- **EXERCISE**
The answer is the exact run of lines in the listing below from the line containing "Antique 18ct Masonic" up to and including the line containing "Caribbean-American Heritage Month", with pictures removed.

- **RECORDS FOR THE TASK**
════════════════════
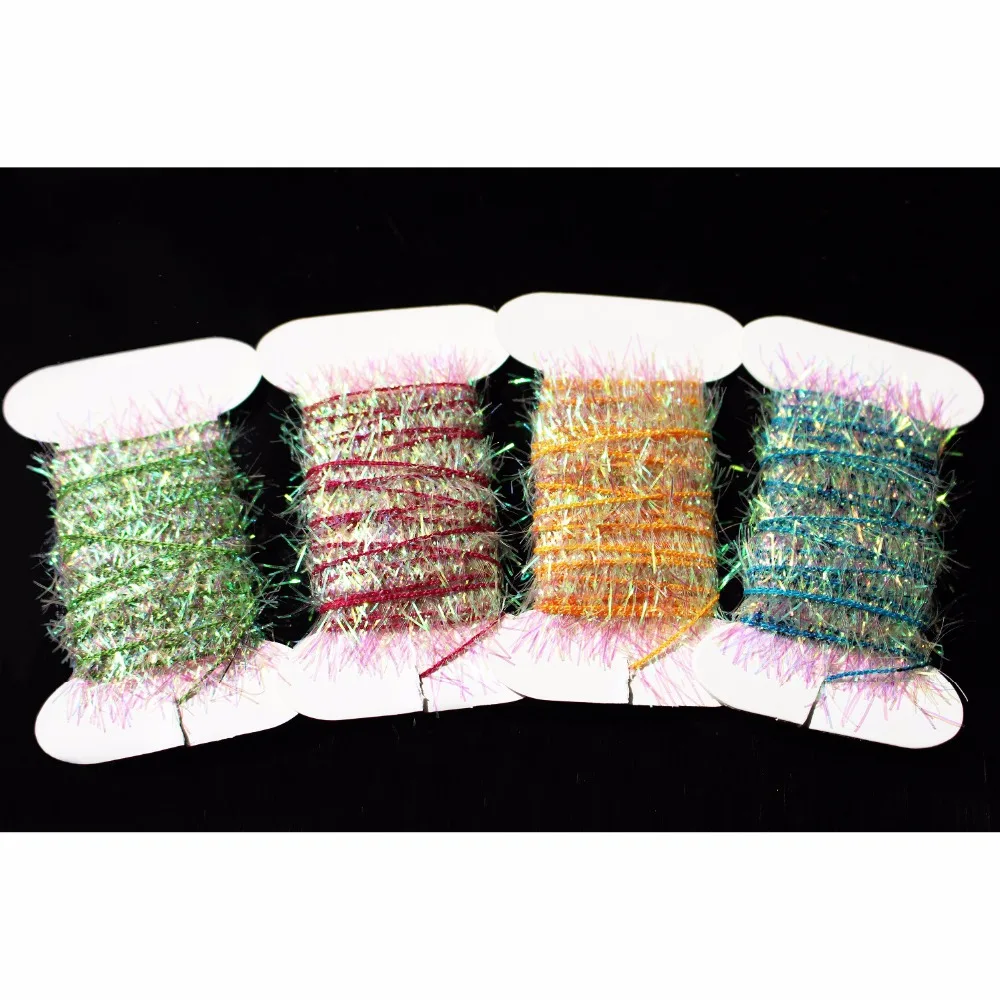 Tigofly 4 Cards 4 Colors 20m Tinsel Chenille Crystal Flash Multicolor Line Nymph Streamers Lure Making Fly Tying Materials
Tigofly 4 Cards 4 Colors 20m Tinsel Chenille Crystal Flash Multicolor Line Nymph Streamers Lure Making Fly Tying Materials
════════════════════
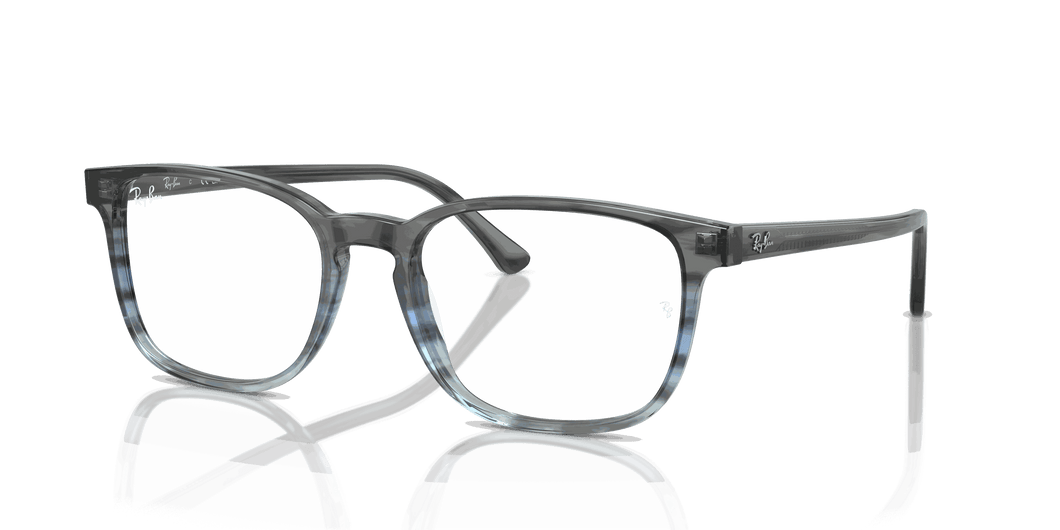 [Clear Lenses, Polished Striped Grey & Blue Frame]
════════════════════
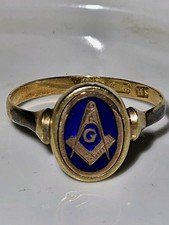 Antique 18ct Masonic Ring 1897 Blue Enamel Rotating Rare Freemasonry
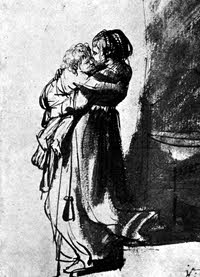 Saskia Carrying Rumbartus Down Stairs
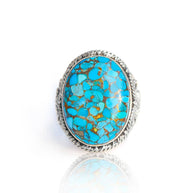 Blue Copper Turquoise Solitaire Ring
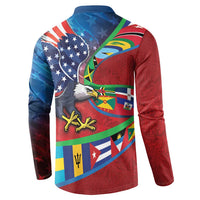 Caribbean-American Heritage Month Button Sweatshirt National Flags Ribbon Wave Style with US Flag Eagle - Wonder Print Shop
════════════════════
- **ANSWER BELOW**
 Antique 18ct Masonic Ring 1897 Blue Enamel Rotating Rare Freemasonry
 Saskia Carrying Rumbartus Down Stairs
 Blue Copper Turquoise Solitaire Ring
 Caribbean-American Heritage Month Button Sweatshirt National Flags Ribbon Wave Style with US Flag Eagle - Wonder Print Shop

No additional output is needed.